S3 Dorsal Root Ganglion/Nerve Root Stimulation for Refractory Postsurgical Perineal Pain: Technical Aspects of Anchorless Sacral Transforaminal Lead Placement

X Zuidema 1,2, J Breel 1,2,*, F Wille 1,2
PMCID: PMC4829697  PMID: 27123351

Abstract

Chronic perineal pain limits patients in physical and sexual activities, leading to social and psychological distress. In most cases, this pain develops after surgery in the urogenital area or as a consequence of trauma. Neuromodulation is one of the options in chronic postsurgical perineal pain treatment. We present a case of refractory perineal pain after right sided surgical resection of a Bartholin's cyst which was treated with third sacral nerve root/dorsal root ganglion stimulation using the transforaminal approach. We describe a new anchorless lead placement technique using a unique curved lead delivery sheath. We postulate that this new posterior foraminal technique of lead placement is simple, safe, and reversible and may lower the occurrence of lead related complications.

1. Introduction

Chronic perineal pain is a disabling and invalidating syndrome.
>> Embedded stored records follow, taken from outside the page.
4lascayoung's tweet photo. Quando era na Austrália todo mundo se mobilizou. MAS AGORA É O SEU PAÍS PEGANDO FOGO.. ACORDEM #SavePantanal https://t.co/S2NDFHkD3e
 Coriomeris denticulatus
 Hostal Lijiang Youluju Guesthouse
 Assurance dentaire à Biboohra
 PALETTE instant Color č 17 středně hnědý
Patients are often limited in physical and sexual activities, leading to social and psychological distress. Chronic perineal pain may occur after surgical intervention or trauma in the perineal area or may be caused by inflammation (e.g., prostatitis) or pudendal nerve entrapment. Chronic postsurgical perineal pain (CPSPP) is defined as pain arising after a surgical procedure, present for at least 2 months, with no organic (active cancer or chronic infection) or preexisting cause [1].

The incidence of CPSPP is reported to be up to 38% [2, 3]. Conventional treatment for CPSPP consists of antineuropathic analgesics and minimal invasive pain treatments such as pudendal nerve corticoid infiltration, pulsed radio frequent (PRF) lesions of nerve root S3, or chemical distal sympathectomy [4].

The perineum is innervated by the somatosensory nervous system via sacral nerve roots (pudendal nerve) and the thoracolumbar sympathetic nervous system. Regulatory systems for nociceptive input are present at all levels of the nervous system. The target for perineal pain treatment by neurostimulation may therefore not be a single level but a multilevel approach [5]. Evidence for treatment of refractory CPSPP using invasive neurostimulation techniques is growing; these include peripheral (pudendal) nerve stimulation, sacral nerve root (SNR) stimulation, dorsal root ganglion (DRG) stimulation, spinal cord stimulation (SCS), and motor cortex stimulation [69].

We present a patient suffering from chronic postsurgical perineal pain and treated with third sacral nerve root/dorsal root ganglion stimulation (3rd SNR/DRG) using the transforaminal approach. This case report describes the procedural aspects of anchorless sacral transforaminal lead placement.

2. Case Description

A 58-year-old woman was referred to our pain clinic with refractory perineal pain after right sided surgical resection of a Bartholin's cyst. She reported suffering from perineal pain of an allodynic and hyperalgesic nature for more than 6 years. Further comorbidity included non-insulin dependent diabetes mellitus, hypertension, hypercholesterolemia, and a cerebrovascular accident with little functional impairment. Antineuropathic analgesics (tramadol, oxycodone, pregabalin, and amitriptyline) as well as minimal invasive techniques (right sided pulsed radio frequent lesion of nerve root S3, chemical neurolesion of Impar's ganglion, and hypogastric plexus block) for neuropathic pain treatment did not result in structural pain relief. Over the last 2 years, her pain had steadily become more intense, resulting in functional, psychological, sexual, and social dysfunction.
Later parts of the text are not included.